Zimbabwe’s ex-president, Robert Mugabe, was finally buried on Saturday 28th September in the rural village where he was born.
The private burial followed weeks of an argument between his family and the government.
Ministers wanted the body laid to rest at the National Heroes Acre in Harare with a mausoleum built at the site. The cemetery is reserved for heroes of Zimbabwe’s liberation struggle, but his family wanted him buried close to his late mother Bona in Kutama.
Mugabe’s widow Grace and his children accompanied the coffin draped in the country’s green, yellow, red and black flag.
Memorabilia were sold in a tent outside his homestead before his funeral, including a photo of the leader holding up his fist in a gesture of defiance.
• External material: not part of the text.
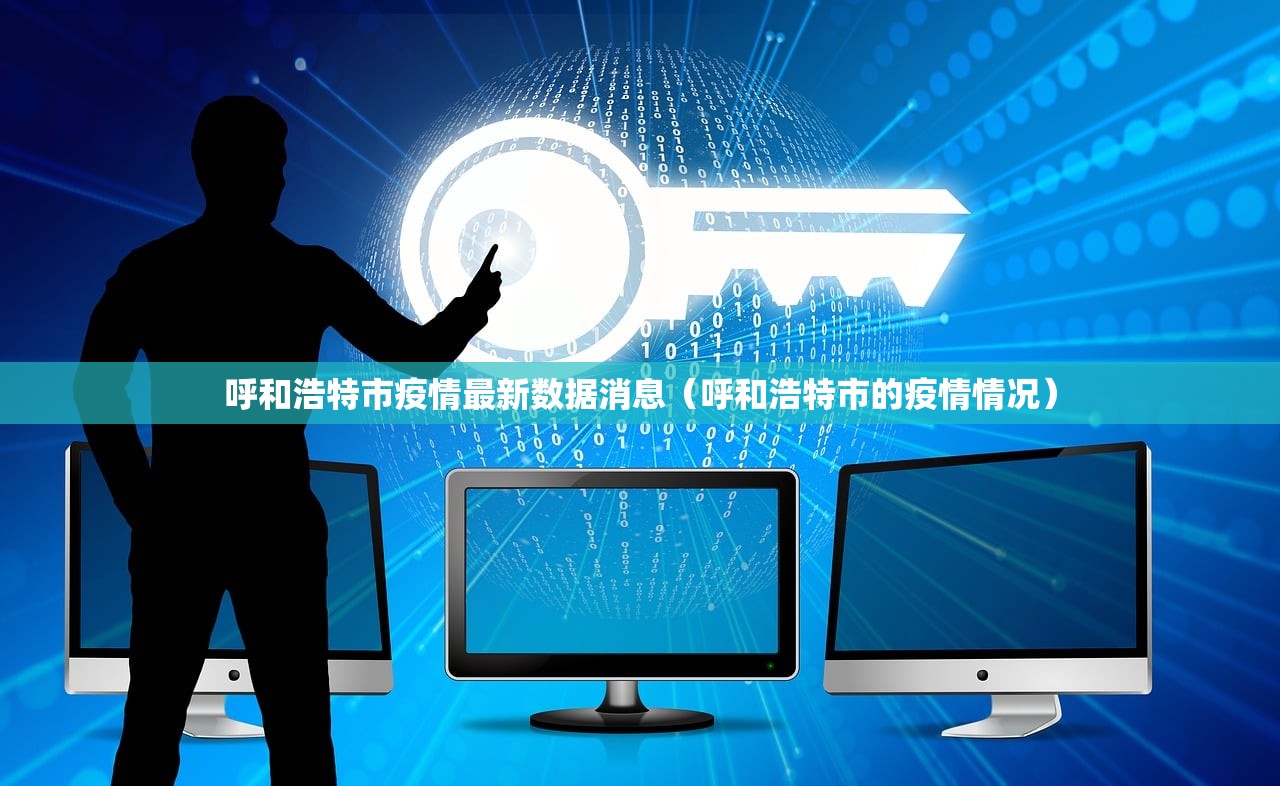 呼和浩特市疫情最新数据消息（呼和浩特市的疫情情况）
Mourners wore T-shirts saying “Liberator” and “Torchbearer.”
Hundreds of mourners attended a service before the burial in Kutama on Saturday, but no senior government officials were there.
The ruling ZANU-PF Party spokesman Simon Khaya Moyo called the private burial “most unfortunate.”
Mugabe died Sept. 6 in Singapore, where he had been receiving treatment since April for an unspecified illness.
He ended the country’s white minority rule when he came to power after Zimbabwe’s fight for independence from Britain in 1980. He clung to his seat as the country’s first prime minister then president until 2017 when he was ousted in a coup for dismissing then Vice President Emmerson Mnangagwa, 76, to make it easier for his wife, Grace Mugabe, 54, to assume the presidency.
Though he initially improved access to education and health services for the country’s poor black majority, his critics said he later resorted to repression and economic mismanagement that sunk the economy.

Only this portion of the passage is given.